• **Task to carry out**
Starting at the line below that contains "Ford Explorer Sport 4WD 2015" and ending at the line that contains "MiuMiu Ballerinas", retype each line exactly as it stands, but omit the pictures.

• **Study material**
▽

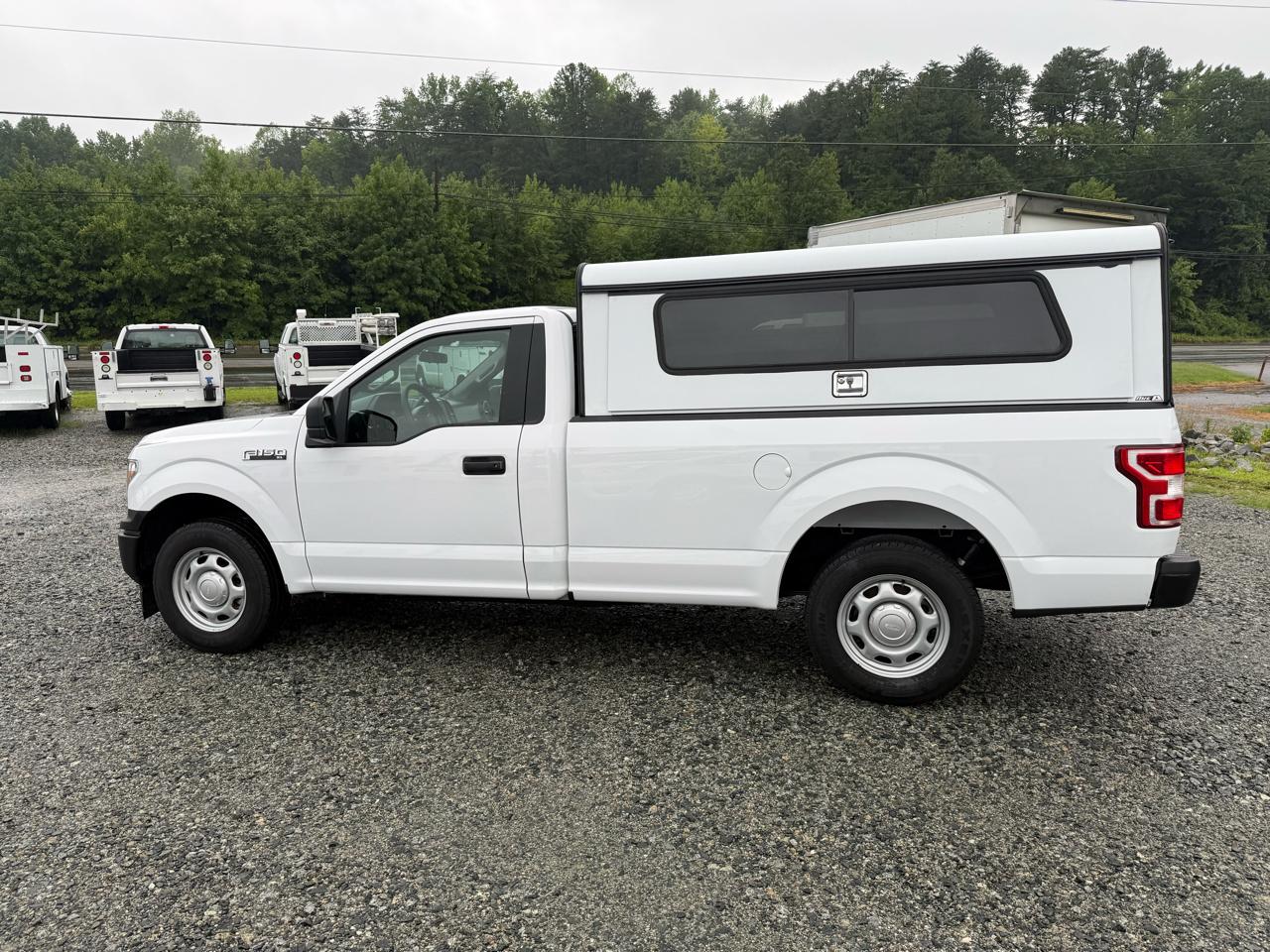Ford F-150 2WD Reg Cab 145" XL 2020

△
▽

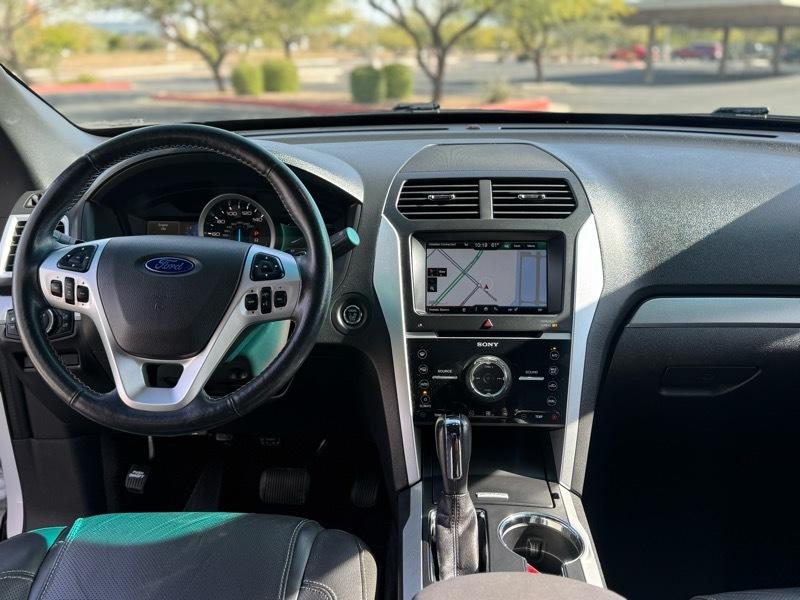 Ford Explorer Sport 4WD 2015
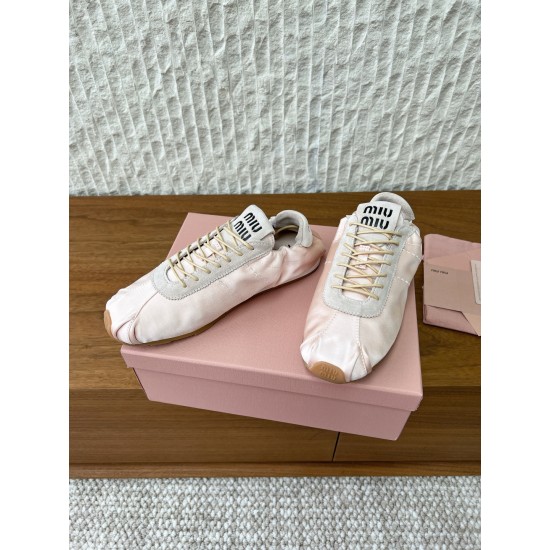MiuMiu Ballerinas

△

• **Problem solution**
 Ford Explorer Sport 4WD 2015
MiuMiu Ballerinas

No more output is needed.